--- Task prompt ---
Once the line holding "Flickr - Official" is found in the listing below, write it out and each later line exactly, up to and including the one holding "1175 Nightingale Road".

--- Records to use ---
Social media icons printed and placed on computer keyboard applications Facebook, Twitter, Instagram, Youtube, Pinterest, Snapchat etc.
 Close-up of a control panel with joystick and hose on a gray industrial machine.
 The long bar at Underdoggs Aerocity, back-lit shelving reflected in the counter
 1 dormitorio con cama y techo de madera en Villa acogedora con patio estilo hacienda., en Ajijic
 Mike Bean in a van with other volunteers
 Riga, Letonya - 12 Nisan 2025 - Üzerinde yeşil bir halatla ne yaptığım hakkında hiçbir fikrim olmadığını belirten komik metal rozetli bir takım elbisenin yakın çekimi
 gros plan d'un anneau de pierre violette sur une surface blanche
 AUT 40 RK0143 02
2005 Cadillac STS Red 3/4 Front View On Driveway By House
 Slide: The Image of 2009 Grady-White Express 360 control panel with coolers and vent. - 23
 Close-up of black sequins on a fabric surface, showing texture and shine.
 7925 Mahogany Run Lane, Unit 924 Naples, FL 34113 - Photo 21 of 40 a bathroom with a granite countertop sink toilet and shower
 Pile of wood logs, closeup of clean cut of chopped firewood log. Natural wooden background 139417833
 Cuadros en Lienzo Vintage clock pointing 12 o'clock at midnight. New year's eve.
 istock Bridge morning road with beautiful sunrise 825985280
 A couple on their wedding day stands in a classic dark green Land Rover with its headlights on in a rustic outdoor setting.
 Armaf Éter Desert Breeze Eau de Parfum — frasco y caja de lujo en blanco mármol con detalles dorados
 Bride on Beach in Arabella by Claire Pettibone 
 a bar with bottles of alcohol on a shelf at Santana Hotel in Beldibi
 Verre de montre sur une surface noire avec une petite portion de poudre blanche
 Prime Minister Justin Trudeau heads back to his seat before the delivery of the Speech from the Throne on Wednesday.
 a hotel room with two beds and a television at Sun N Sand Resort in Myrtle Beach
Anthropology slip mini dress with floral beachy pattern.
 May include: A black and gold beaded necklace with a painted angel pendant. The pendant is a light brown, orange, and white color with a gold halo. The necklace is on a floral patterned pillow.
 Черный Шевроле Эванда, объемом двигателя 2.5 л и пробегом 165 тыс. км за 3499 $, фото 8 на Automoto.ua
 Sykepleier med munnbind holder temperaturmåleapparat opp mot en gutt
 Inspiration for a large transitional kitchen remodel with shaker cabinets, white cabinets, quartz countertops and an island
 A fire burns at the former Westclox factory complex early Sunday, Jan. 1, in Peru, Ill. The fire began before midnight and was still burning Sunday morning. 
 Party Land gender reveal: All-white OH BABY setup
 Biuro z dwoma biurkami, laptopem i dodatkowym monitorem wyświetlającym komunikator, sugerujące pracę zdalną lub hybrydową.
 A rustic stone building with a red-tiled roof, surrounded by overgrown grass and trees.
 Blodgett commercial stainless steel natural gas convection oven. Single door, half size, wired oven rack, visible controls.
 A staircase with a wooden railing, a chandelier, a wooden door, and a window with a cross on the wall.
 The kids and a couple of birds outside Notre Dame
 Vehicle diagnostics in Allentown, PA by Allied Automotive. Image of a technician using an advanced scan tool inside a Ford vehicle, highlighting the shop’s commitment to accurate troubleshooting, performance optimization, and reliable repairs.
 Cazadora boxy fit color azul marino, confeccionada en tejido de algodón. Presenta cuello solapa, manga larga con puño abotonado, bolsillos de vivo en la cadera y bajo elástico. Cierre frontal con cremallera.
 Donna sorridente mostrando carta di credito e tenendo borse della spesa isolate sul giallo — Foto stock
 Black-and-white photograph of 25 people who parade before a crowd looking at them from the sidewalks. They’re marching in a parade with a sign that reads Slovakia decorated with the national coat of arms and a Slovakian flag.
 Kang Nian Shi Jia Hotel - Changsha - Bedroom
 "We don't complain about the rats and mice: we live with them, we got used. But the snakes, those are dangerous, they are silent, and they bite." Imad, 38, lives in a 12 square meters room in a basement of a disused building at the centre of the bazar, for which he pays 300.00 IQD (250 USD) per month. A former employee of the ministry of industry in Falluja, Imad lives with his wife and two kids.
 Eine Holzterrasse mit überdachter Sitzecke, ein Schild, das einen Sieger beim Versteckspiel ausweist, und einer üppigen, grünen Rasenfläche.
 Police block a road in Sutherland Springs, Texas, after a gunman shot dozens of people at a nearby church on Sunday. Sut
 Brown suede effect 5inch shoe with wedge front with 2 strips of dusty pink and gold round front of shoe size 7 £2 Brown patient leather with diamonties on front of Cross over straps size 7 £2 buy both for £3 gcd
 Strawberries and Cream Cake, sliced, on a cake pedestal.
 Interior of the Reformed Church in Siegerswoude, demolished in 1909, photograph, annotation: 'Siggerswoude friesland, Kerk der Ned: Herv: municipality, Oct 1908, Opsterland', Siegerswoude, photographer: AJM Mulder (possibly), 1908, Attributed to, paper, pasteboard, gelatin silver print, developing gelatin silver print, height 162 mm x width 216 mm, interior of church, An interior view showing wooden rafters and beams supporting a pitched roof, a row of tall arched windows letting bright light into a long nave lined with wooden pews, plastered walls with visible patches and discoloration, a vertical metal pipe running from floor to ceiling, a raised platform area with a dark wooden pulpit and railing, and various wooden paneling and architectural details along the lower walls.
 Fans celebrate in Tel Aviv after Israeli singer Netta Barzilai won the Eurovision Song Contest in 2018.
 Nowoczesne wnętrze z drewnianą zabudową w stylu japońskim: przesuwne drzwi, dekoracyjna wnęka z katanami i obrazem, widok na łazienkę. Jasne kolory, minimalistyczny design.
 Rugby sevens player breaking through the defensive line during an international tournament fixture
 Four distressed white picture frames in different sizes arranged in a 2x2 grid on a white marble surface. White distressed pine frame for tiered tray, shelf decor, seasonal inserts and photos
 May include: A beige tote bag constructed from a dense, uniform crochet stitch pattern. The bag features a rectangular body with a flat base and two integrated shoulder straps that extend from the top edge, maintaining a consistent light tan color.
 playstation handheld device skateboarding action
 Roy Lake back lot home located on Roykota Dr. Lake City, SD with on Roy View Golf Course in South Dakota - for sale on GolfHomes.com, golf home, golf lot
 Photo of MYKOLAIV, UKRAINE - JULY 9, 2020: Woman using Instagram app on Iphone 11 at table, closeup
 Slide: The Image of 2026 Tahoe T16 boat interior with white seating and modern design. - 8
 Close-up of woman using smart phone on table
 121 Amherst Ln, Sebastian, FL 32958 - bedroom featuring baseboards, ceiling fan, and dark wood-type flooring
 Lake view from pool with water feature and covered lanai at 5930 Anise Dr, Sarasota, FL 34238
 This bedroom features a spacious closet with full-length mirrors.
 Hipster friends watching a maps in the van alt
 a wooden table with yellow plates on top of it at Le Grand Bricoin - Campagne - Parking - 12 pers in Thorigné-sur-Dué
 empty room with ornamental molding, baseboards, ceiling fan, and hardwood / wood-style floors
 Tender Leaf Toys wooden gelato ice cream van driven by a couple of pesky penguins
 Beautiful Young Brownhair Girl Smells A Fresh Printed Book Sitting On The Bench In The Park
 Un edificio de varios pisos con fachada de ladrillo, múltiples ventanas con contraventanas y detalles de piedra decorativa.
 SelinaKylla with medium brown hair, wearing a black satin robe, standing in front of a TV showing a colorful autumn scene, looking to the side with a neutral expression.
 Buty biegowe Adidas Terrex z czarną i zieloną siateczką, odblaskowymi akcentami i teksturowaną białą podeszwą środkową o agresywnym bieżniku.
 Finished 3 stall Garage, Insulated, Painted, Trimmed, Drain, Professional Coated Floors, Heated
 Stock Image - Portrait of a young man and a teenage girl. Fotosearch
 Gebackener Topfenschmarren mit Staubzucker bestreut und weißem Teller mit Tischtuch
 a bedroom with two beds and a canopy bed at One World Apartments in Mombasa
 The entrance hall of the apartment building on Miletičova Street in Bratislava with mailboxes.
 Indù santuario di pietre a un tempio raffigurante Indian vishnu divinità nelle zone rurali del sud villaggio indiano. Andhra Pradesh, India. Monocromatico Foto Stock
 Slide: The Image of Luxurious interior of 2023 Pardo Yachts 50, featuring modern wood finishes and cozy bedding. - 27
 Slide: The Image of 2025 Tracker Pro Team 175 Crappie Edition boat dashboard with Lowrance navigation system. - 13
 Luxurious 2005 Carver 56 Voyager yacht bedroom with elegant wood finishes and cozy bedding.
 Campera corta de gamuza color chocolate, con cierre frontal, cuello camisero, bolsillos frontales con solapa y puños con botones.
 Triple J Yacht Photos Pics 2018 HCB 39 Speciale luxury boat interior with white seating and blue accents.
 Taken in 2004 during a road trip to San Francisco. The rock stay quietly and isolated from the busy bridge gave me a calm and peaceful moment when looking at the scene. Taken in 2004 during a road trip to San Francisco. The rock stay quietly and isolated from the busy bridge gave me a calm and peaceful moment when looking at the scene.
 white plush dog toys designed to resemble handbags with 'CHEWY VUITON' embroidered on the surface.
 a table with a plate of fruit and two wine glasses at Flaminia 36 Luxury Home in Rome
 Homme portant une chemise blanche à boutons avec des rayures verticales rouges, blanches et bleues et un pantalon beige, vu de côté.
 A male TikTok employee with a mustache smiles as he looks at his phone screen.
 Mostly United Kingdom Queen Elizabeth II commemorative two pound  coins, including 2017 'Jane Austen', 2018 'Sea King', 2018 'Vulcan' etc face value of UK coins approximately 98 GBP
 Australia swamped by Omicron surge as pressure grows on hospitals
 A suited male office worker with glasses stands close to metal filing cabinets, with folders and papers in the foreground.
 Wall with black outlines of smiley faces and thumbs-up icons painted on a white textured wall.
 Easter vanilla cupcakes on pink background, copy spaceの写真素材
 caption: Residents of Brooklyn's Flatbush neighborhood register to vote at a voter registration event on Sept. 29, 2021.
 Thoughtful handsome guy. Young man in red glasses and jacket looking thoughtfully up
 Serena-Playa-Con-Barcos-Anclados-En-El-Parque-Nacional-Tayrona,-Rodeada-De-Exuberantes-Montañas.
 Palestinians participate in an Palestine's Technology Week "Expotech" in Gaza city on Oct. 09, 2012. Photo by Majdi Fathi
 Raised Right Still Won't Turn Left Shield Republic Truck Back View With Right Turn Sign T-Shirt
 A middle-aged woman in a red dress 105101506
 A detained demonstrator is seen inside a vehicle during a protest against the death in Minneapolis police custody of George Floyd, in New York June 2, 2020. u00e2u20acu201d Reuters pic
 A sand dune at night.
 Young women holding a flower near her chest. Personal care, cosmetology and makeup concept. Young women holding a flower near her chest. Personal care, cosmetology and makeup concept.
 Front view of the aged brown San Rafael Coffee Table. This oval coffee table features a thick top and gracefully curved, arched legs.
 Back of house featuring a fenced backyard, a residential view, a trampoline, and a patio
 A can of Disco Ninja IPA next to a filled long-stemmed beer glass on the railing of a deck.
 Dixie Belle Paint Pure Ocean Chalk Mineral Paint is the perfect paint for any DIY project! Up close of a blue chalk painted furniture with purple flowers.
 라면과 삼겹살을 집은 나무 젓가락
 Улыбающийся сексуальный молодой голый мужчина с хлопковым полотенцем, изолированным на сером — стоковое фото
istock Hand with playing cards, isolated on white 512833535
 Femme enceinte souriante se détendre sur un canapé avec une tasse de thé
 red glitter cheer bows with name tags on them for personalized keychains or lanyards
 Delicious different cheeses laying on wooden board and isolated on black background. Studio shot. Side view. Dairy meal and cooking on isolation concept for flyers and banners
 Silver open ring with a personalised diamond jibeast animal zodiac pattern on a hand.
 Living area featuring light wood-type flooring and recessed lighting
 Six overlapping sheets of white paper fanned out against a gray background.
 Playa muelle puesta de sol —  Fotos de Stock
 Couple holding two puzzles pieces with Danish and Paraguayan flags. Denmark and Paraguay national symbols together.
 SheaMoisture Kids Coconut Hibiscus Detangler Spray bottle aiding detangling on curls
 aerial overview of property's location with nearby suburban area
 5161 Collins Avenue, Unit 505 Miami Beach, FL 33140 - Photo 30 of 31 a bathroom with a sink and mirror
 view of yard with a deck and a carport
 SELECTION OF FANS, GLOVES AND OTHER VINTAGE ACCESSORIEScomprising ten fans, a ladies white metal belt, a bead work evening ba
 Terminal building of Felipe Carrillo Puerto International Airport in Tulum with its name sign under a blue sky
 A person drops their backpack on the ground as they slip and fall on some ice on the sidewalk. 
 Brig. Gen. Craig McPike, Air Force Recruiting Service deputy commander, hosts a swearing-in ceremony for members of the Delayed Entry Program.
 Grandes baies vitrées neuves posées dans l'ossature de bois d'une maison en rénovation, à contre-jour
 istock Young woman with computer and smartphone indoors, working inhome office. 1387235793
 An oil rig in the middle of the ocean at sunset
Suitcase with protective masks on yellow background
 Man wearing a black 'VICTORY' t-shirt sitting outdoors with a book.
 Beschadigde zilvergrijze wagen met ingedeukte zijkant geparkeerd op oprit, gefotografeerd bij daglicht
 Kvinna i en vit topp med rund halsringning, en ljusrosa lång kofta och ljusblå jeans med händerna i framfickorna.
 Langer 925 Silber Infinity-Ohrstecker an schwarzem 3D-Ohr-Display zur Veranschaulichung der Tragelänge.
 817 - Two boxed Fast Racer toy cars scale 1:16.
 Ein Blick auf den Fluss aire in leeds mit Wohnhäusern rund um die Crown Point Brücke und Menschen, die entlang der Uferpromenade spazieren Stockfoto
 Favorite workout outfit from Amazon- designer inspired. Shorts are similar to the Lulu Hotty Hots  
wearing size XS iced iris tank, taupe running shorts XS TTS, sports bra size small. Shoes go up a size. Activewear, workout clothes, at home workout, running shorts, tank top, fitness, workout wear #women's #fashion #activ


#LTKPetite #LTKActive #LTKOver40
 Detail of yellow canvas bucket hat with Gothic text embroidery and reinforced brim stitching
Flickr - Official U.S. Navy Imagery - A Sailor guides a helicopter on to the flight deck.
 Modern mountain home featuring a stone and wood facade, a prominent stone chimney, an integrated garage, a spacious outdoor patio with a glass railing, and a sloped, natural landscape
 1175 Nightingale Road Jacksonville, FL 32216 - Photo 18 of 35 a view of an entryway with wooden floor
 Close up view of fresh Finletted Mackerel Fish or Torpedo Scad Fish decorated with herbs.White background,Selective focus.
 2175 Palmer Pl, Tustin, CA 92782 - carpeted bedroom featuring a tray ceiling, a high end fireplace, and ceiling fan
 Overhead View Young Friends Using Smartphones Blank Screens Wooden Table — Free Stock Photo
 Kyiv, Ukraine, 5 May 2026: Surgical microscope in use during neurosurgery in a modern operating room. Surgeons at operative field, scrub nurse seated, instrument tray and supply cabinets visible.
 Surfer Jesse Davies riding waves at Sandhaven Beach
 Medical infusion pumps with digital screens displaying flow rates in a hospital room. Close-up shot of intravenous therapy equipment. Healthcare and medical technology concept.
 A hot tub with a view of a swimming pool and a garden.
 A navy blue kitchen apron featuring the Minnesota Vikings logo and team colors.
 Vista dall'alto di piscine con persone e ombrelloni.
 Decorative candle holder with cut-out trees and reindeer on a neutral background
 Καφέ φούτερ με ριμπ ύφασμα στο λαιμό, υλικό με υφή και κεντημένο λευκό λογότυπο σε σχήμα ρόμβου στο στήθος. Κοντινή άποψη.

--- Solution to the problem ---
Flickr - Official U.S. Navy Imagery - A Sailor guides a helicopter on to the flight deck.
 Modern mountain home featuring a stone and wood facade, a prominent stone chimney, an integrated garage, a spacious outdoor patio with a glass railing, and a sloped, natural landscape
 1175 Nightingale Road Jacksonville, FL 32216 - Photo 18 of 35 a view of an entryway with wooden floor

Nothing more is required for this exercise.